Ontario, Thunder Bay could be a globally known hub for clean tech metals processing

When John Mason worked as a provincial government geologist on the north shore of Lake Superior, Ontario, Canada, there’s wasn’t much grassroots exploration or talk about lithium. “On and off,” said the mining services project manager with the Thunder Bay Community Economic Development Commission (CEDC). “Very minimal.”

The Ontario Geological Survey documented plenty of occurrences in the Kenora District and the Georgia Lake area close to Beardmore, where Rock Tech Lithium has a very advanced exploration property, but the market to actually mine the commodity hadn’t materialized, Sudburyminingsolutions.com reports.

“In the 1950s, it was used as a lubricant,” said Mason. “The battery world wasn’t there.”

Today, lithium, graphite, magnesium, cobalt, aluminum and rare earth elements are among the integral components in the clean tech and digital economy, used for lithium-ion batteries in the automotive sector and various applications in aerospace, defence, clean energy and electronics.

Two up-and-coming lithium mining companies in the northwest are working together to propose a lithium processing plant for Thunder Bay. The two junior miners signed a letter of intent earlier this month.
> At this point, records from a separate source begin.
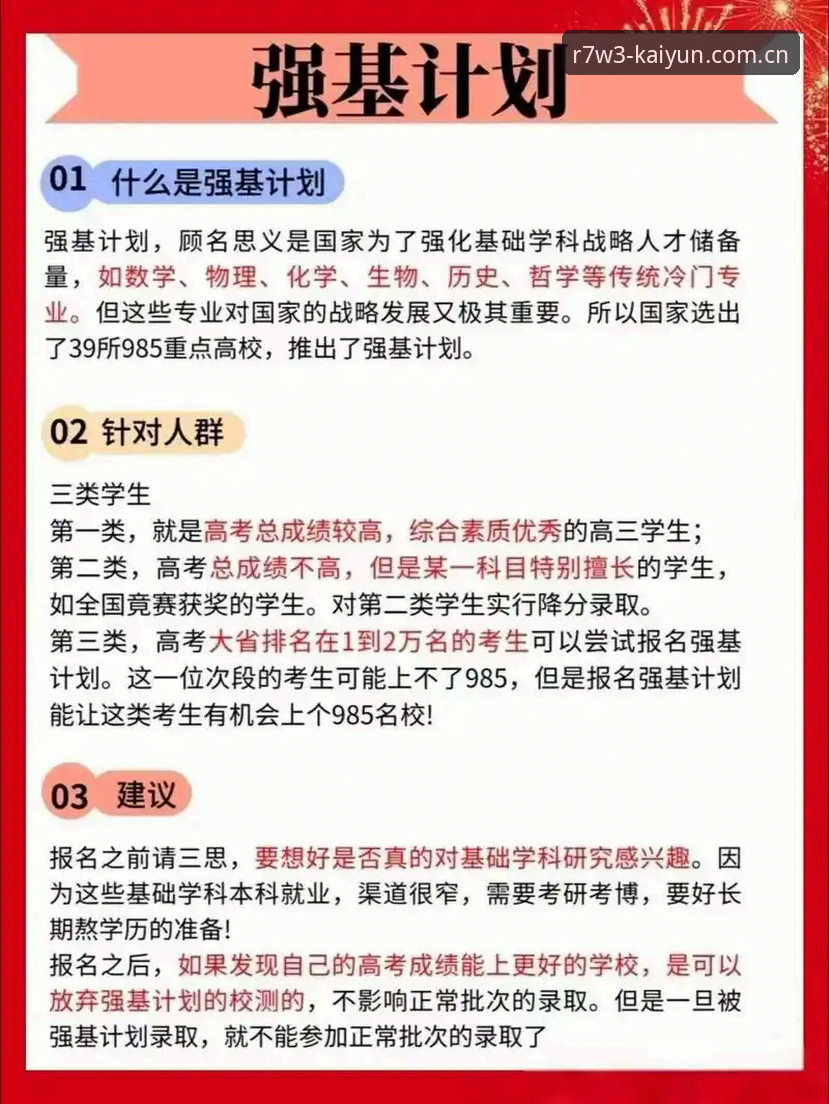 为什么专业体育迷都在关注开云体育官方网站？一文读懂他的核心优势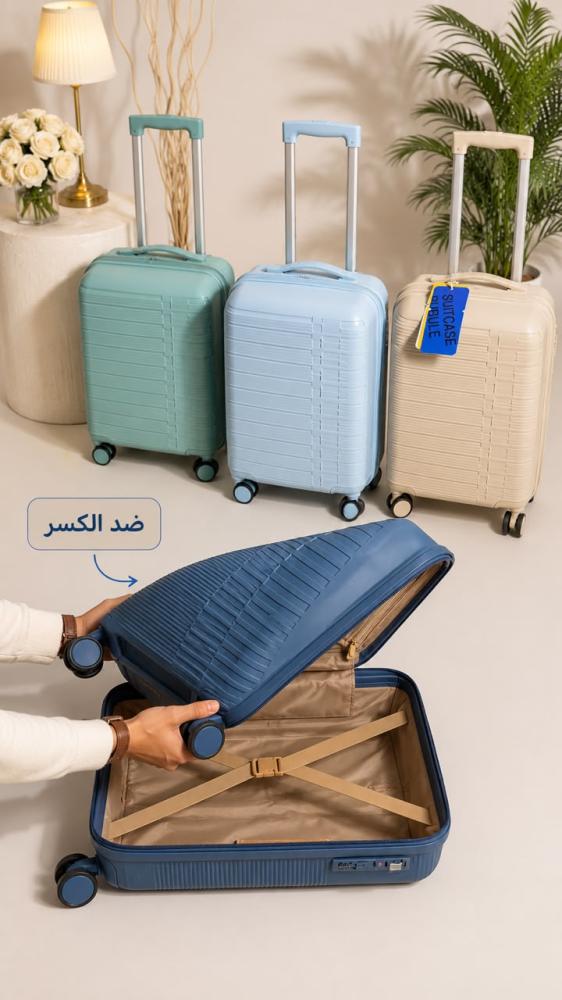 شنطة سفر قطعة واحده ( عدة الوان )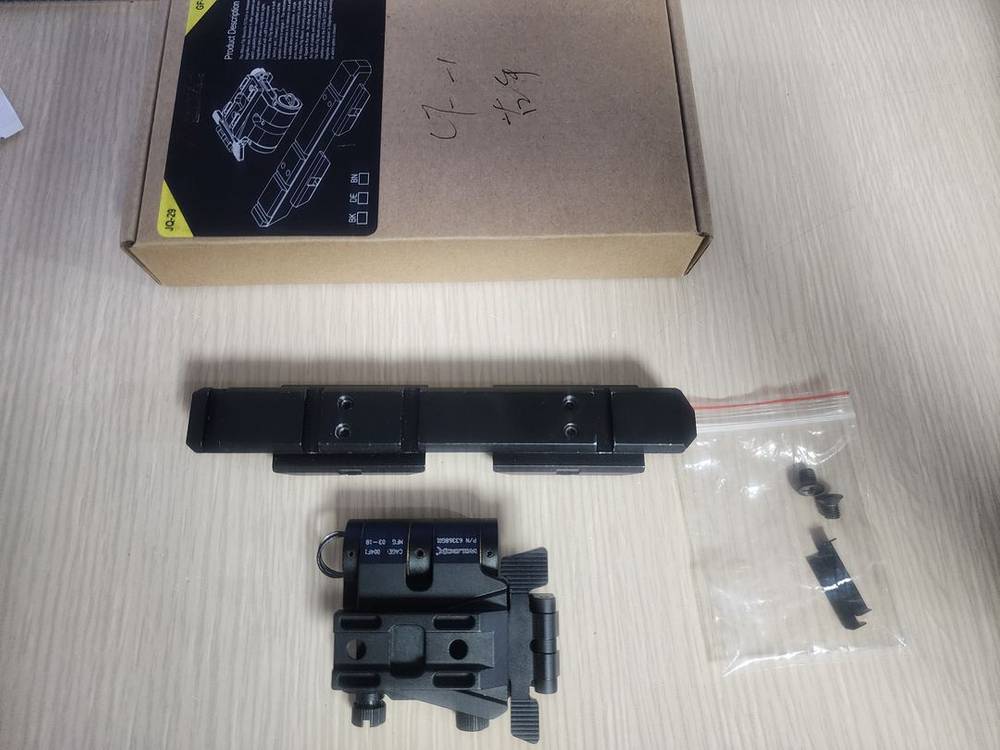 스크린 스코프 야시경,G33,마운트--3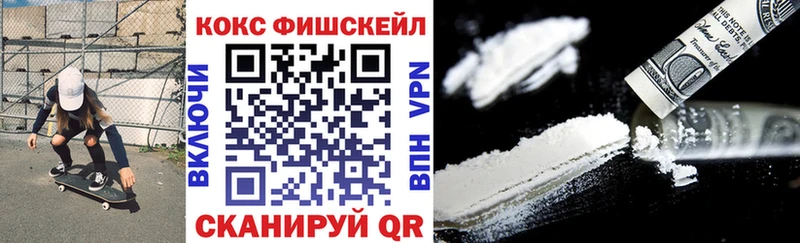 закладка Богородск Cocaine Боливия
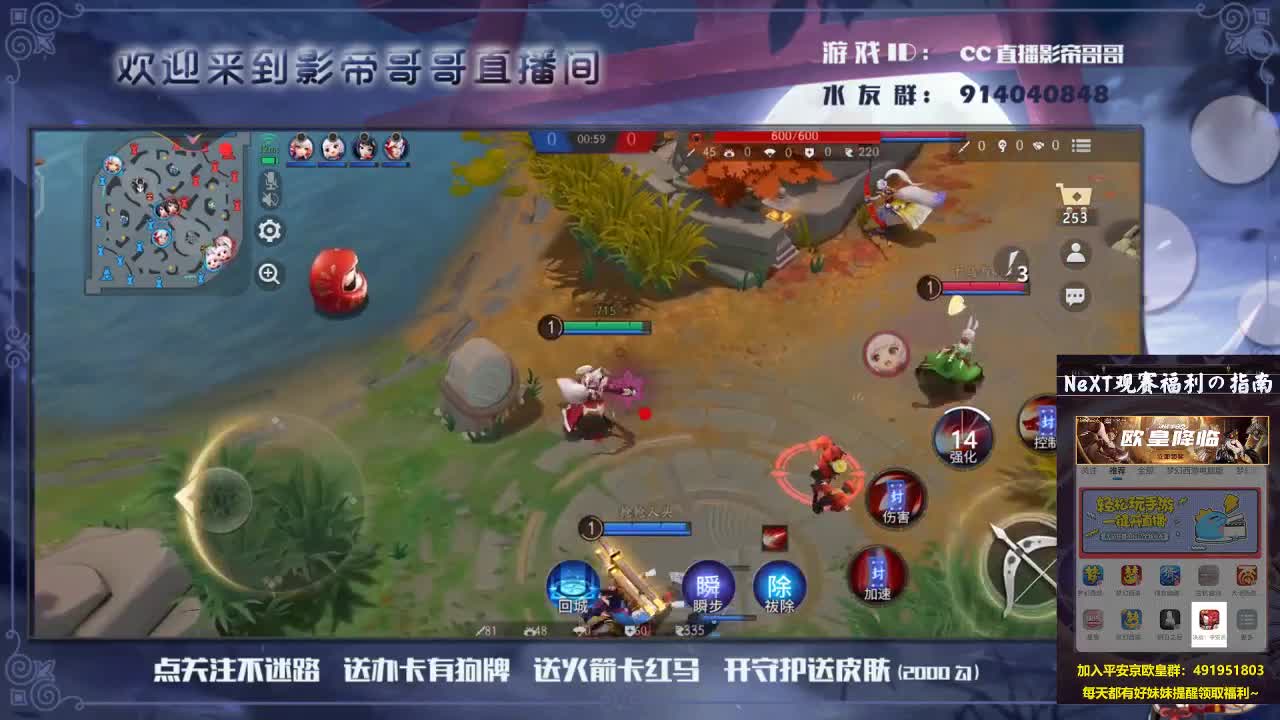 真不错 第1段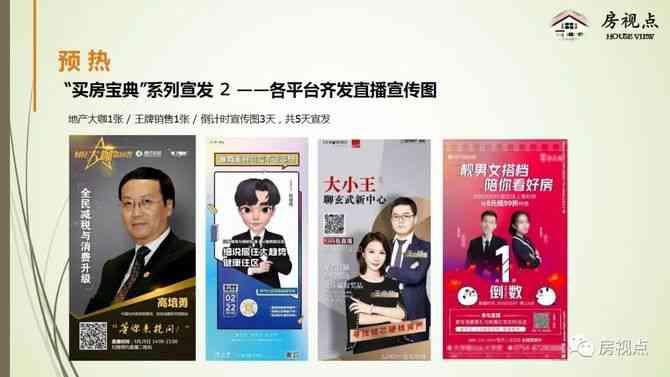 直播营销秘：打造高效房产直播话术攻略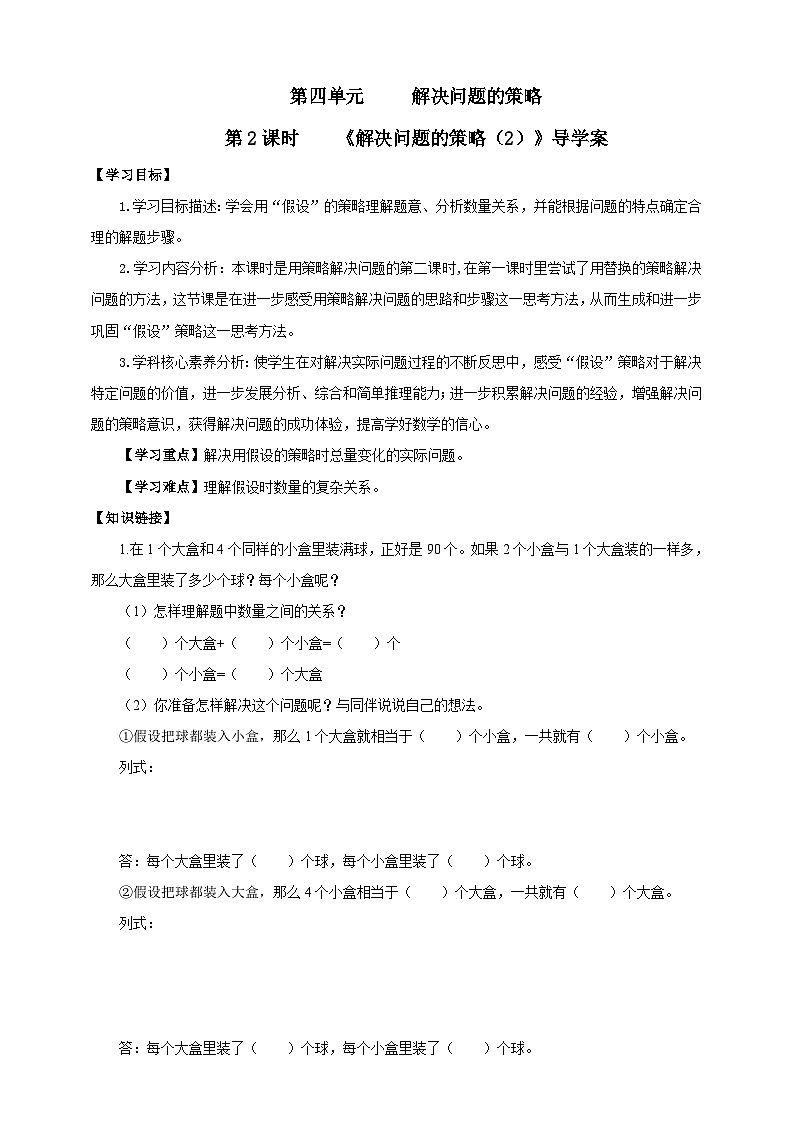 【核心素养】苏教版数学六年级上册4.2《解决问题的策略（2）》导学案第1页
Mason and his colleagues at the Thunder Bay CEDC staff are assisting Advanced Avalon Materials, and Rock Tech Lithium is helping them get situated in the city.
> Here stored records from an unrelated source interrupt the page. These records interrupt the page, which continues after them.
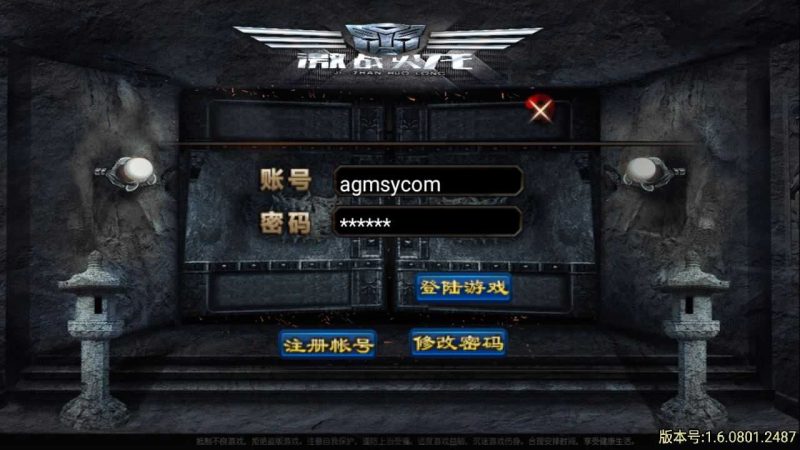 【激战火龙单职业八大陆开区版】战神引擎传奇手游WIN服务端+GM工具+双端+架设教程-吾爱懒猫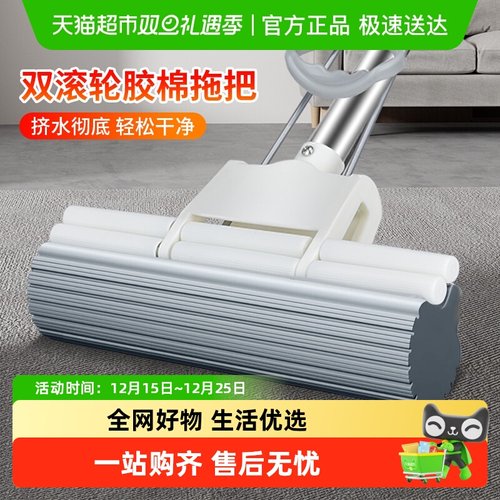 太太乐不锈钢杆胶棉拖把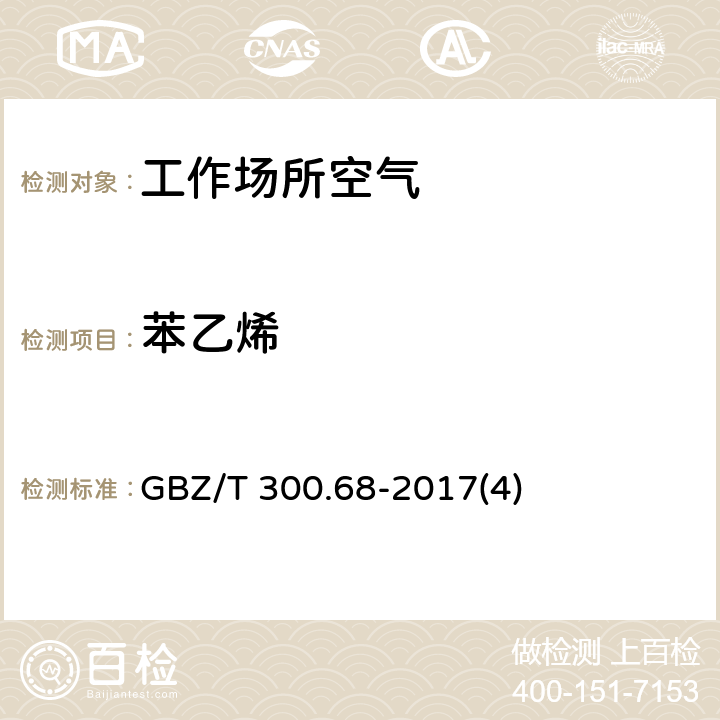 苯乙烯 工作场所空气有毒物质测定 第68部分：苯乙烯、甲基苯乙烯 和二乙烯基苯 GBZ/T 300.68-2017(4)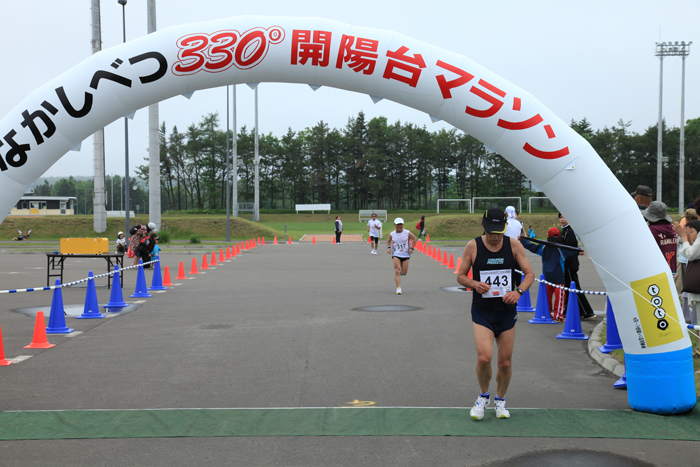 photo0920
The development basically amounts to a chemical plant. Lithium concentrate from Avalon’s Separation Rapids deposit, north of Kenora, and Rock Tech’s Georgia Lake project, near Beardmore, would be shipped to Thunder Bay for upgrading into battery-grade material – lithium sulphate – used by electric vehicle manufacturers. It would be the first processor of its kind in North America.

The companies would need a 25- to 30-acre brownfield parcel of land with railway and Seaway access, natural gas hookup, and a power supply of 10 megawatts; not a problem at all, according to Mason.

The plant would create 400 to 500 construction jobs and employ 85 to 100.

“You’re looking at a two- to four-year window before they’re ready to go (on construction),” said Mason.

But the project timelines are good, said Mason, since there’s an abundance of lithium supply on the global market right now.

“I think that’s going to simmer down over the next few years. Two to three years out is probably a good thing in producing for the market.”

There are plenty of new and growing projects on every continent, from brine production in South America to hard rock mining in Western Australia. Tesla’s Elon Musk secured his own ethical supply in October in a mining deal with Piedmont Lithium in North Carolina.

Mason expects to see the same trend happen in the northwest.

“We can compete. I’m surprised there hasn’t been more of that.”

When Mason factors in other leading properties like Frontier Lithium’s PAK, north of Red Lake, and Ardiden’s Seymour Lake project, at the top end of Lake Nipigon, he estimates there’s probably about 40 million tonnes of the resource in the ground with promising grades over 1 per cent lithium oxide.